◆ **What to do**
Beginning with the line that has "Dorothée Turnes" and ending with the line that has "خبراء: تنويع مصادر", retype the entries below exactly, except for the pictures.

◆ **Supplied data**
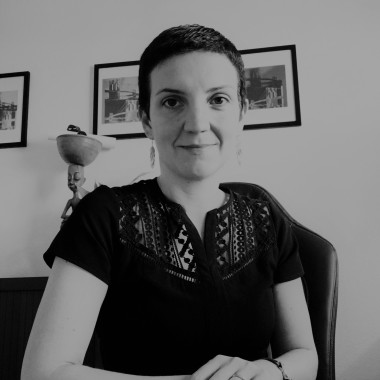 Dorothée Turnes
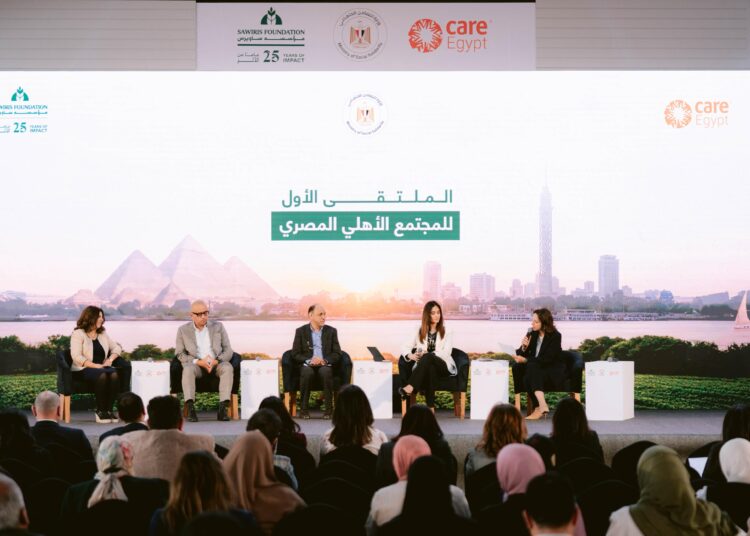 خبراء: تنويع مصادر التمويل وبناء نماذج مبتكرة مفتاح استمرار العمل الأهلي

* * *

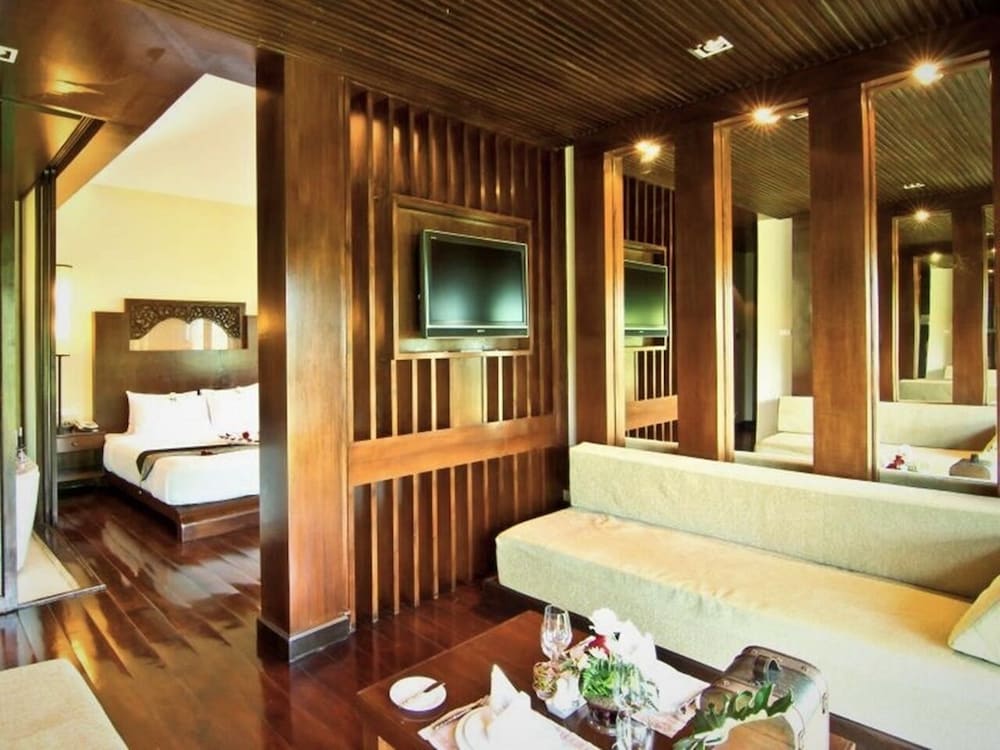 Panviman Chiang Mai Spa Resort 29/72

◆ **Response area**
 Dorothée Turnes
 خبراء: تنويع مصادر التمويل وبناء نماذج مبتكرة مفتاح استمرار العمل الأهلي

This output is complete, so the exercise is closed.